● **Aim of the exercise**
Two lines in the data below mark the range: the one with "Modern bathroom with" and the one with "A couple on". Return both, along with every line between them, exactly.

● **Dataset**

----------------------------------------

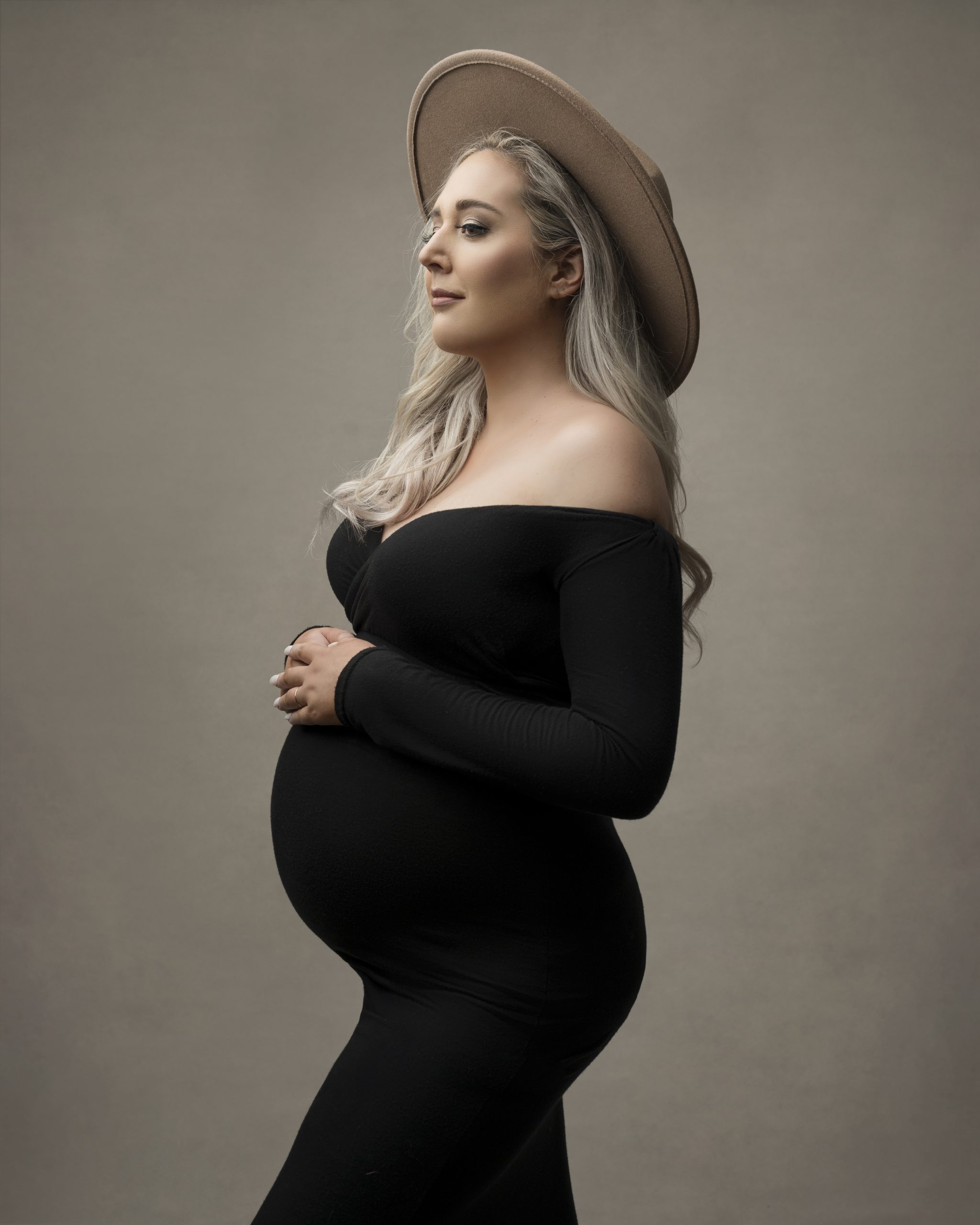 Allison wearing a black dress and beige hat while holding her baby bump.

----------------------------------------

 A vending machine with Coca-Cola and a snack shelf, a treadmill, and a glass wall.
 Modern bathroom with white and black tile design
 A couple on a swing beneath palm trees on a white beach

----------------------------------------

● **Completed exercise**
 Modern bathroom with white and black tile design
 A couple on a swing beneath palm trees on a white beach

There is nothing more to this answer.